Il caso riguardava una cittadina francese di 45 anni, insegnante di scuola materna e convivente da 18 anni con una psicologa. Le autorita' francesi avevano rifutato di concedere alla ricorrente l'adozione di un bambino, presumibilmente a causa del suo orientamento sessuale. Le ragioni addotte per le decisioni dei vari organismi francesi preposti sono state la mancanza di "indentificabili punti di riferimento" a causa dell'assenza di una immagine paterna o sostitutiva, e la natura ambigua del rapporto della ricorrente ai fini dell'adozione.

La vicenda e' arrivata fino al Consiglio di Stato contrapponendo la donna, che sosteneva di essere stata discriminata in base al suo orientamento sessuale, ai vari funzionari e tribunali, che lo negavano, attribuendo all'attenzione per l'interesse del minore la decisione dello Stato, e quindi non ritenevano fosse stata lesa la Convenione europea dei diritti dell'uomo per quanto riguarda il diritto al rispetto della vita privata e familiare e il divieto di discriminazione.

Per tale ragione la donna ha presentato ricorso proprio a Strasburgo, ed a lei si sono affiancate nel procedimento, quali parti interessate, diverse associazioni di difesa dei diritti degli omosessuali francesi ed internazionali. Basandosi sull'articolo 14 della Convenzione, in combinato disposto con l'articolo 8, la ricorrente ha affermato che in ogni fase della sua domanda di autorizzazione ad adottare aveva subito un trattamento discriminatorio, basato sul suo orientamento sessuale, e che cio' ha interferito con il suo diritto al rispetto per la sua vita privata.

La Corte ha ribadito, in via preliminare, che - mentre ne' l'art. 8 ne' la legge francese garantiscono il diritto di costituire una famiglia o il diritto di adottare - il concetto di "vita privata" comprende un certo numero di diritti e nel caso esaminato poteva combinarsi con l'art. 14 riguardante il divieto di discriminazione sessuale. Il Tribunale di Strasburgo ha sottolineato infatti che le autorita' amministrative nazionali, e quindi i giudici francesi, hanno basato la propria decisione di respingere la sua domanda di autorizzazione ad adottare su due principali motivi: la mancanza di una figura paterna nell'ambiente domestico e il rapporto lesbico della donna e quindi il suo stile di vita.

Per quanto riguarda l'assenza di una figura paterna, la Corte ha ritenuto che questo non fosse un problema di per se', tanto piu' che la domanda non era stata presentata da una coppia, ma da una sola persona (cosa che la legge francese prevede), e quindi tale eccezione era da considerarsi illegittima.
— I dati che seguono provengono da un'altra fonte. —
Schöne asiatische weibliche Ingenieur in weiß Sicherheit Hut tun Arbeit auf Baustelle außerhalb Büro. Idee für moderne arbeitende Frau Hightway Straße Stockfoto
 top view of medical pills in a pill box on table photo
Anzi, secondo i giudici europei, proprio il fatto che la legge francese preveda la possibilita' di richiesta di adozione anche da parte dei singoli, implica la possibilita' che anche gli omosessuali chiedano legittimamente di adottare.

La Corte ha ritenuto anche che nei vari passaggi decisionali francesi riguardanti il caso, il riferimento all'omosessualita' della richiedente fosse stato, se non esplicito, almeno implicito, e che era stato considerato un fattore decisivo ai fini del rifiuto dell'adozione. Di conseguenza, ha considerato a maggioranza che la ricorrente aveva subito una differenza di trattamento. Sempre a maggioranza, ai sensi dell'articolo 41 (giusta soddisfazione) della Convenzione, la Corte ha riconosciuto alla ricorrente 10.000 euro per il danno non patrimoniale e 14.528 euro per i costi e le spese.